London has one of the world’s oldest and largest urban transit systems, so there’s obviously a lot for it to show off in the London Transport Museum, but the museum is about a lot more than historic trains, buses and trams.
At the museum’s entrance, another form of London Transport…
As interesting as those are—and I admit to being a rail and transit fanatic with an almost unlimited appetite for transit and railroad museums—a fascinating aspect of the museum is the way it tells the story of how a growing city created a need for new ways to travel and new ways to travel enabled the city to grow even further.
The three pictures above offer a kind of capsule history of how the city changed over two centuries from a walking city that also relied heavily on its river for transport to one with huge numbers of horse-drawn conveyances to today’s mix of modes, with many bumps between.
The museum has a variety of conveyances from the early days of public transit, when people who didn’t own carriages of their own were first able to ‘commute’ to work. Note the huge stables in the photo; it takes a lot of horsepower to move that kind of transit!
By the 20th century, of course, the ‘horses’ were under the hood of gasoline-powered buses that shared the often-crowded streets with electric trams.
While the museum, which first opened in its Covent Garden home, formerly a wholesale flower market, started as mainly a bus-and-subway museum, its focus has shifted to a broader view of getting people around in the city and includes items such as the London taxi above. A 1950’s poster makes the case for riding the bus.
Any urban transit museum is, by nature, a social history museum, a museum of the ways in which we live ordinary life. One aspect of that at the London Transport Museum is the explanation of how the availability, or not, of transit determined where people could live and work. It could relieve overcrowding, or it could keep the poor in their place. London, in 1889, was one of the first cities to coordinate streets, transport and public housing.
Other social issues pop up in exhibits that discuss London’s changing populations in the post-World War II era, including many immigrants from former colonies in the West Indies and India. Starting with the war, many more women were employed in transit as well.
For many visitors, the heart of the exhibits is the famed Underground or Tube trains; London was the first city to have an underground railroad with the opening of a line in 1853 to connect its various rail stations. Because it used steam locomotives, it was only partly in tunnels and mostly in open cuts. The Baker Street station, seen above is still in use and not greatly changed.

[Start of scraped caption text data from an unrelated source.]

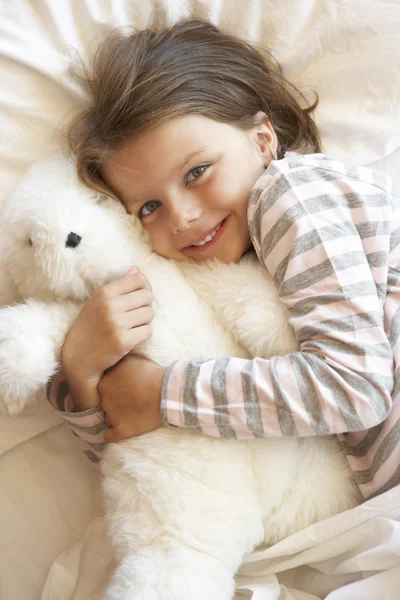 Młoda dziewczyna relaksując się w łóżku z zabawkami — Zdjęcie stockowe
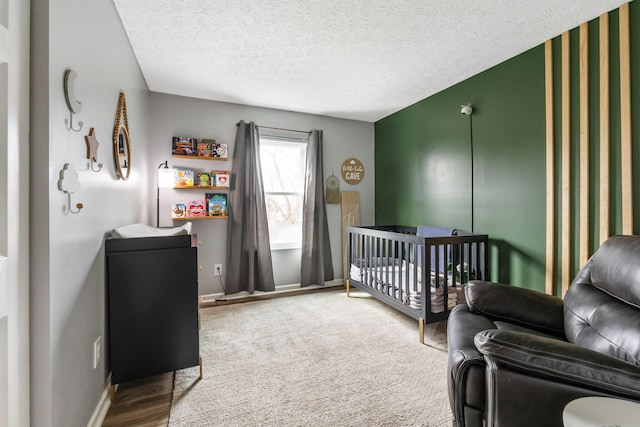 carpeted bedroom featuring a textured ceiling, a crib, and baseboards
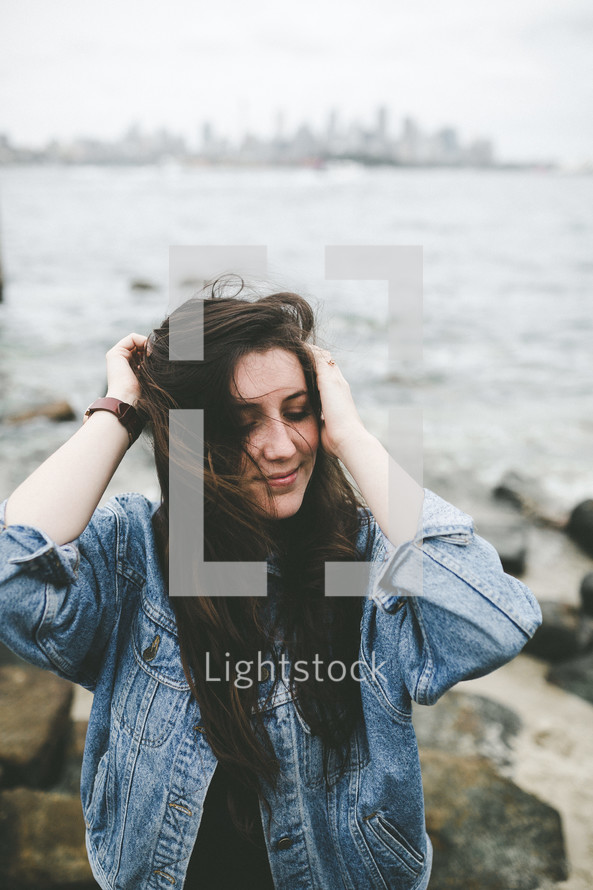 a woman standing on a rocky shore with hair blowing in the breeze 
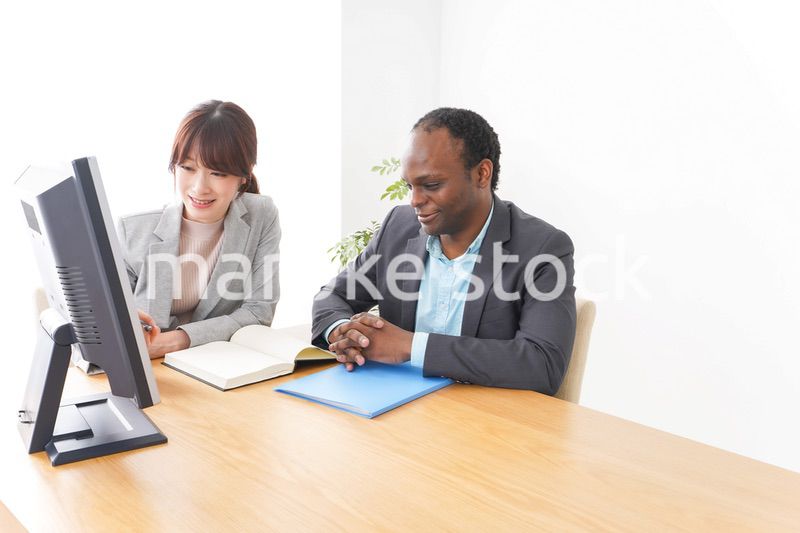 オフィスでパソコンを使う2人のビジネスパーソン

Rolling stock has changed a lot over the 170 years of the Underground, although the 1938-vintage train in the top photo above may be familiar to older visitors: it remained in service until 1988, and the similar appearing ‘1959 stock’ continued until 2000.
Interiors varied quite a bit over the years as well, and for many years there were first-class cars for those willing to pay extra not to have to sit with the rest of us. That came to an end in 1940 during World War II.

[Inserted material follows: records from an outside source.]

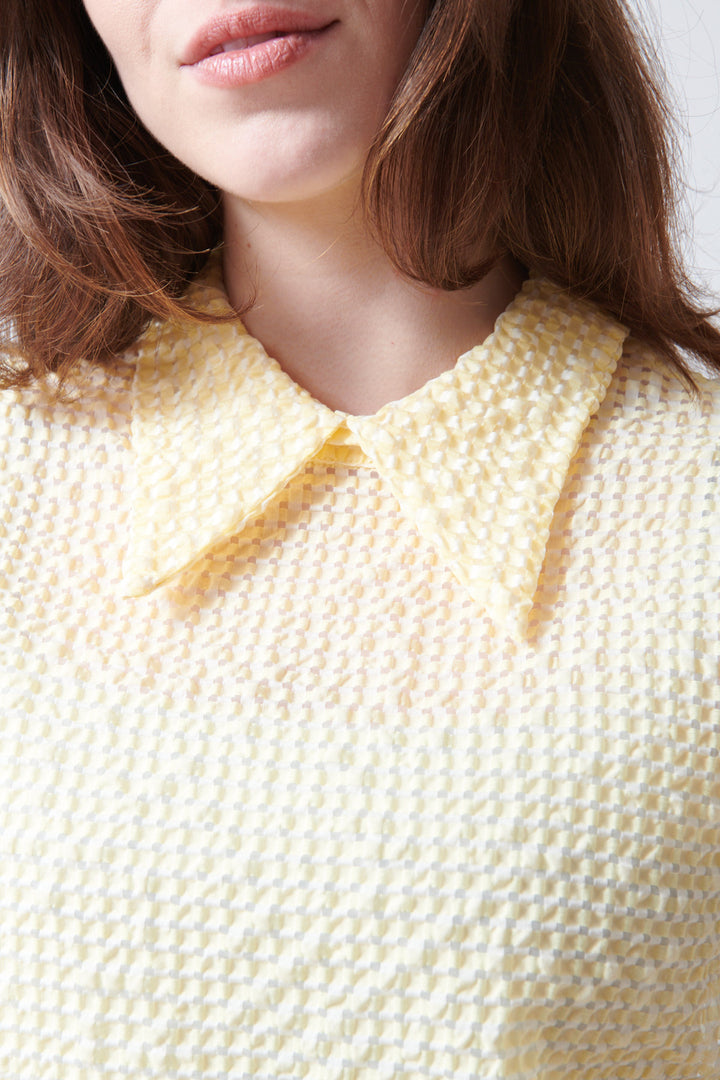 Sophie wearing Tela Oslo Top front/detail view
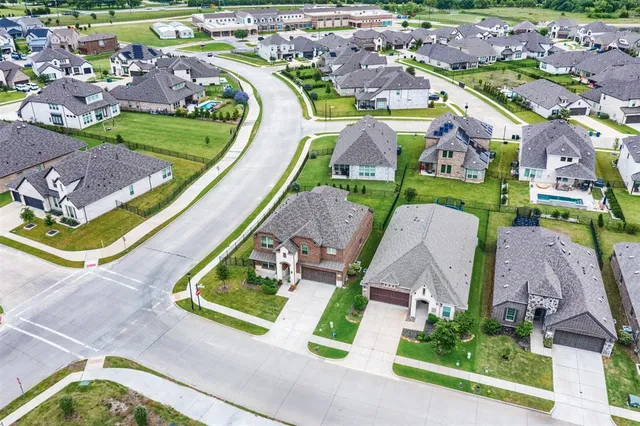 a view of a brick building with many windows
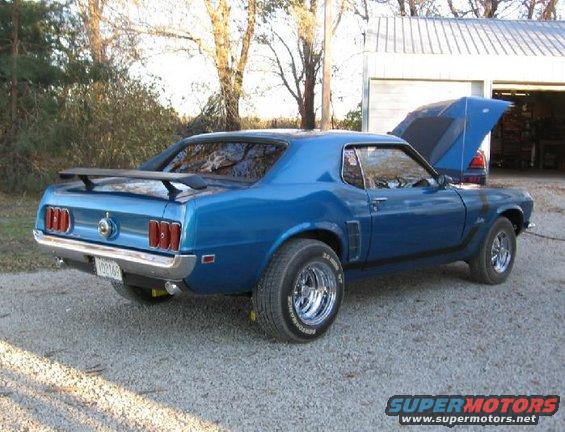 Blue 1969 Ford Mustang with hood open, parked on gravel near a garage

An exhibit on London’s newest line brings things up-to-date, but without rolling stock; unfortunately, the red 1938-stock train is the most recent train on display in the museum.
London’s Underground played another famous role, as air raid shelters during the Nazi bombing of London. That’s eerily echoed in the museum’s photo, above, of civilians sheltering in the subway in Kyiv, Ukraine, today.

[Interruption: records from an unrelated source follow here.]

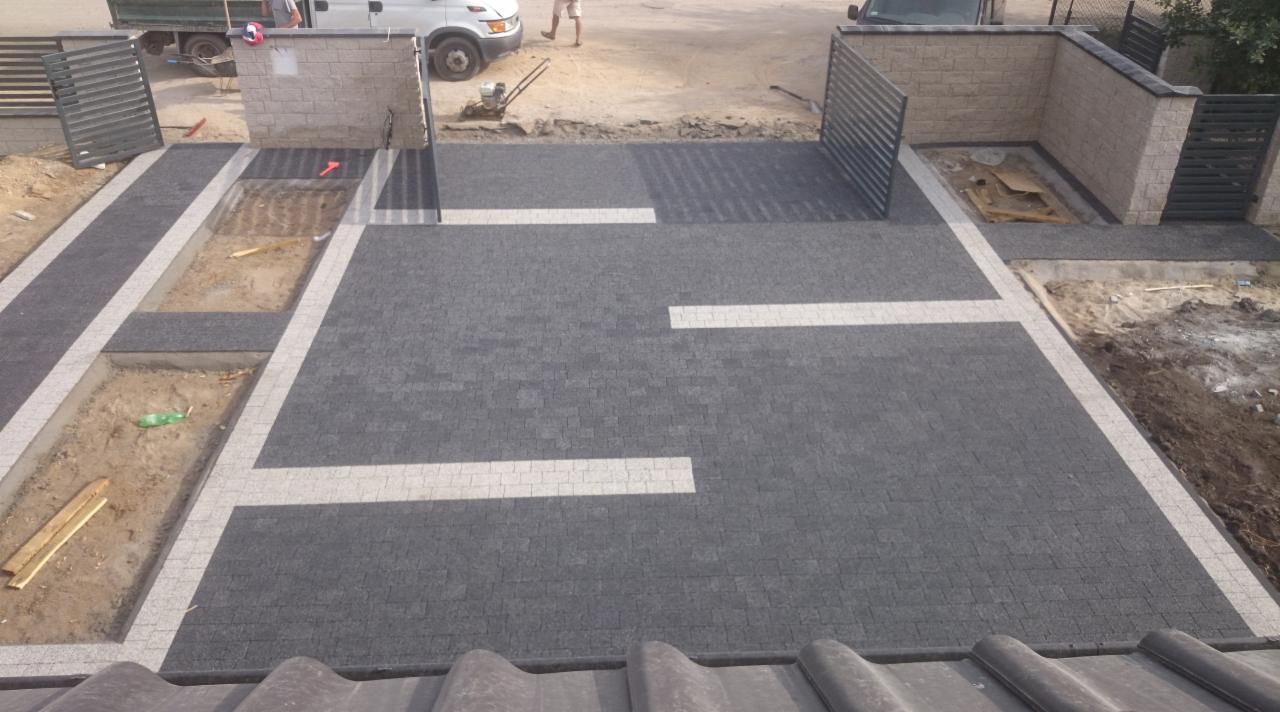 Ukończony podjazd z grafitowej kostki brukowej z jasnymi pasami, obrzeża i przygotowane rabaty. W tle widoczny samochód dostawczy i ogrodzenie.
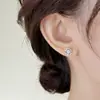 Pendientes de botón de plata de ley S925 con aguja, flor fresca, copo de nieve, incrustaciones de diamantes de imitación, nuevo diseño exquisito de nicho de lujo ligero 2026, personalizados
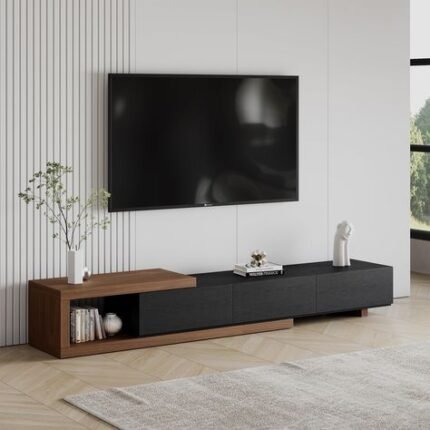 Modern TV console with a minimalist design, featuring a black and wooden finish, placed against a white wall with a mounted flat-screen TV above it.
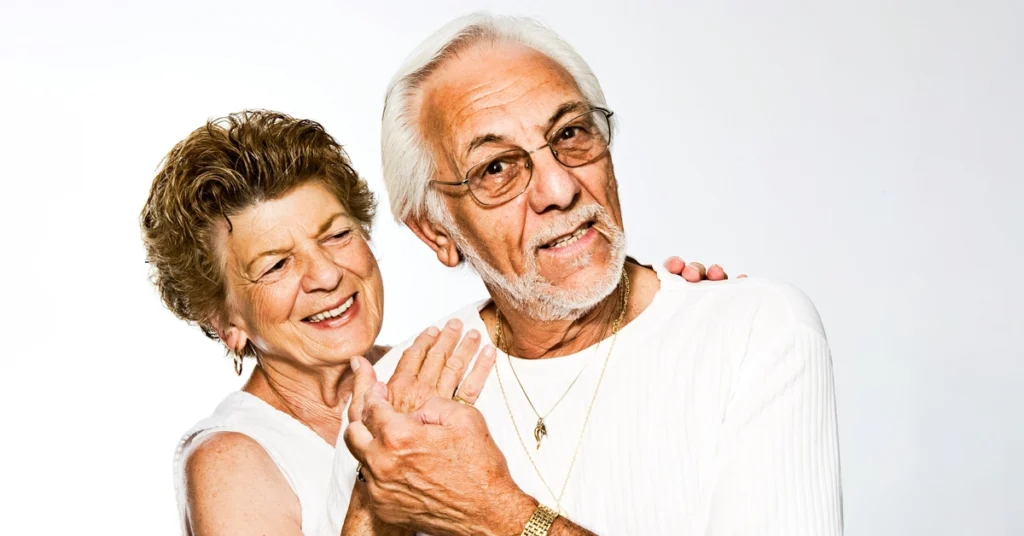 Siwy mężczyzna trzyma rękę uśmiechniętej kobiety w podeszłym wieku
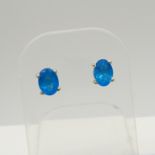 A pair of silver ear studs set with oval-cut neon blue apatites, 1.30 carats (approx).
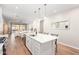 Open-concept kitchen featuring a kitchen island, pendant lights, and view into the living room at 16658 W Mescal St, Surprise, AZ 85388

There are spaces set aside for children and family groups, and a wide selection of transit memorabilia, but none so iconic as the museum’s collection of posters intended to increase ridership on the system.
My favorite image from the collection is a cropped version of an 1930 poster advertising the Underground as a way to visit the zoo; in the poster the cages are occupied by a variety of Londoners while the animals watch their antics.